Ignoring the flood issue for the time being, we refreshed the Drumochter webcam page obsessively, even though it only updates every half an hour, and for a while we were convinced the feed wasn’t working, until we realised that the variances in each half hour snap were so subtle that it was like a tricky game of spot the difference. Those vehicles first appeared in front of the webcam in the image at 1029. They were all finally gone at 1654 (at 1629 all bar one had gone), by which time a major incident had been declared (I have no idea what that actually entails, but it sounds like resources have been allocated and attention is being focussed!).
The webcam images are approximately 30 minutes apart, but looked liked a game of Spot the Difference for most of the day.
It didn’t take that long for us to decide that we were spending the night in Perth, and thanks to having a bedroom, kitchen, living room and toilet with us, the fact that there were more thwarted motorists than hotel rooms available didn’t affect us.
It’s amazing how much stuff you can cram into Erica’s cab when you need to – it swallowed five crates, one massive food chiller bag, three bags of shoes, a carrier bag of snacks and my knitting bag. That left the back clear for us to move around and to get the bed out.
The bed was out not long after 8. 'Lights out' was just after nine. The only disturbance was at eleven when I peered out to see a truck with orange lights flashing but I couldn’t see what they were doing to create the banging.
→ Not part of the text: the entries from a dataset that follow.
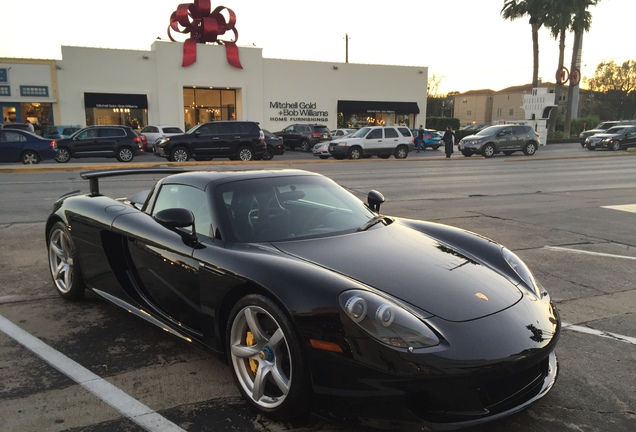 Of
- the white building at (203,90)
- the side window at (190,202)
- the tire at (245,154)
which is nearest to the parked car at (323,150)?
the tire at (245,154)

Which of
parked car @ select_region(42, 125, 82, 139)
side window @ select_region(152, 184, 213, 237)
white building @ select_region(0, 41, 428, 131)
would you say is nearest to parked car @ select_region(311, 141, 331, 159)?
parked car @ select_region(42, 125, 82, 139)

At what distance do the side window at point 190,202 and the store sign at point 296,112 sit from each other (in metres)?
38.1

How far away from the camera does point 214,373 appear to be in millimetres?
3477

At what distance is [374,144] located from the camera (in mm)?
26984

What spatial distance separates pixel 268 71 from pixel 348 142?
17232 mm

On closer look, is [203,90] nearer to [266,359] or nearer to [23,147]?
[23,147]

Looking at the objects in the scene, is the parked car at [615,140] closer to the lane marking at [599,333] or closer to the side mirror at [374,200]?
the lane marking at [599,333]

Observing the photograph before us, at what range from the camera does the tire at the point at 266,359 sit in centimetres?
269

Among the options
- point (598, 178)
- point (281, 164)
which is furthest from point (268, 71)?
point (598, 178)

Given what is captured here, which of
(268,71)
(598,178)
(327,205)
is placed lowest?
(598,178)

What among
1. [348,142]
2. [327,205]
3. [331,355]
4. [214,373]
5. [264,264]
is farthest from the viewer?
[348,142]

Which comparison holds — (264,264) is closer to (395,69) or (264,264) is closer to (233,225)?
(233,225)

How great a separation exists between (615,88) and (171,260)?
417 feet

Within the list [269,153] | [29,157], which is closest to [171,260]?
[29,157] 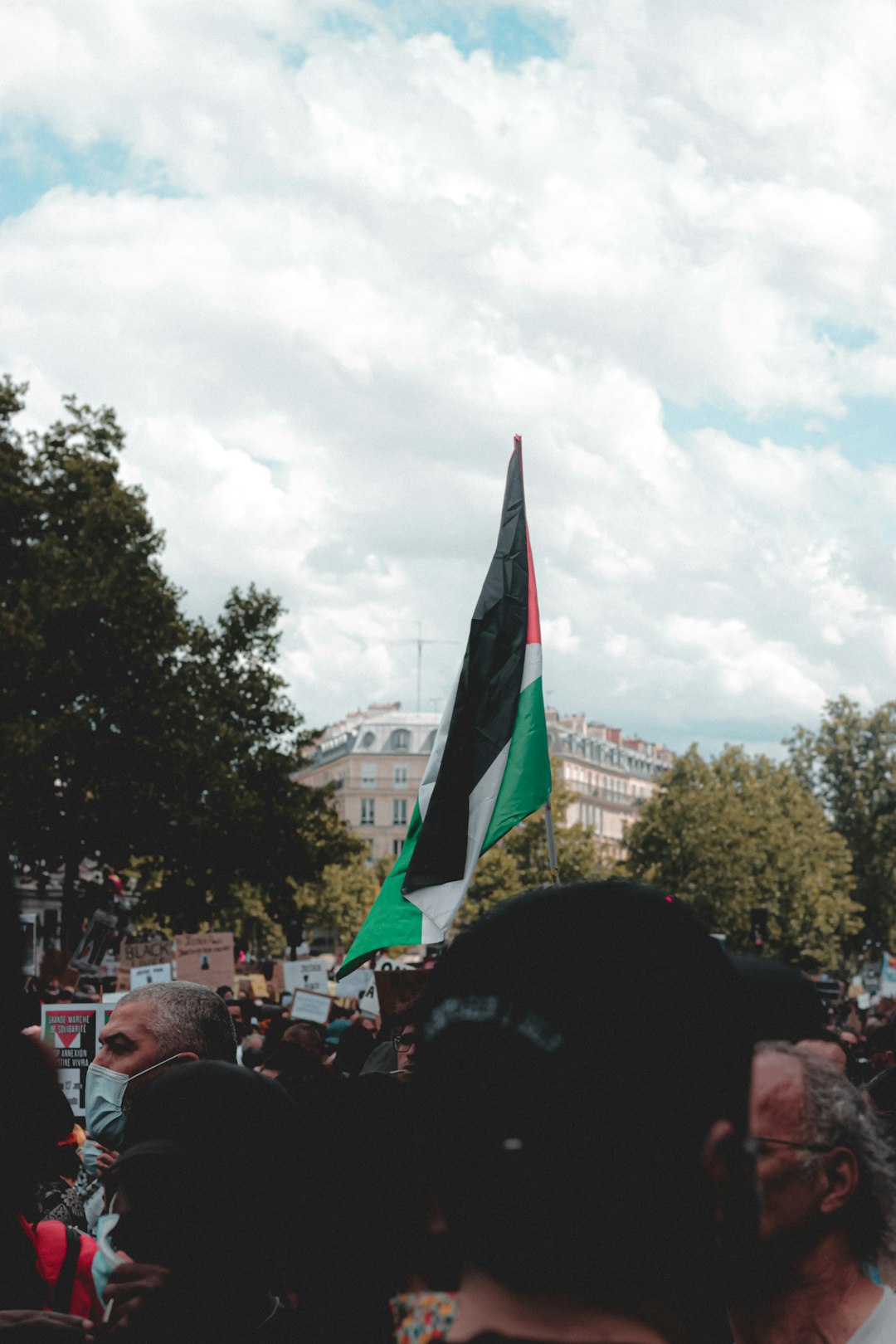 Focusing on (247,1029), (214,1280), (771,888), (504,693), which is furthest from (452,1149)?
(771,888)

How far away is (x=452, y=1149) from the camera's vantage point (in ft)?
3.58

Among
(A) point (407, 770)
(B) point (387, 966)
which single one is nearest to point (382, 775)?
(A) point (407, 770)

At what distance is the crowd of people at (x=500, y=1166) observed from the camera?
107 cm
We woke up just before 6am, when the temperature inside had dropped to a not-quite-comfortable-without-a-hat level, and soon had Erica’s heater making us comfortable again (don’t know how cold it got inside, other than it was low enough to kill the batteries in Erica’s room thermometer).
As we drove away just before 7am, we saw we’d been joined by 7 motorhomes at some point. I wonder if any of them had intended to spend the night there?
McDonalds provided us with a quick breakfast (we had breakfast makings with us, it was just too much effort to retrieve them from the back of a cupboard), over which we established firmly that the A9 was still open. Police Scotland had announced it to be passable at 2030 last night, but Google was still showing it to be closed at Drumochter. Thankfully, the A9 Traffic Info Facebook Group had recent confirmations from real people, and even better, the chaps on the next table had just driven down from Inverness.
The rest of the journey was uneventful. Half the carriageway
was underwater just before Ballinluig, but traffic lights had been set up and
at that hour of morning there was no queue.We arrived in Newtonmore 25 hours after leaving Halifax.
So, an unplanned night in Erica. No hardship to have broken the journey in Perth, but had it been planned we wouldn’t have troubled ourselves to leave Halifax until noon, giving us less time to sit around, listening to the rain drum down, in Perth.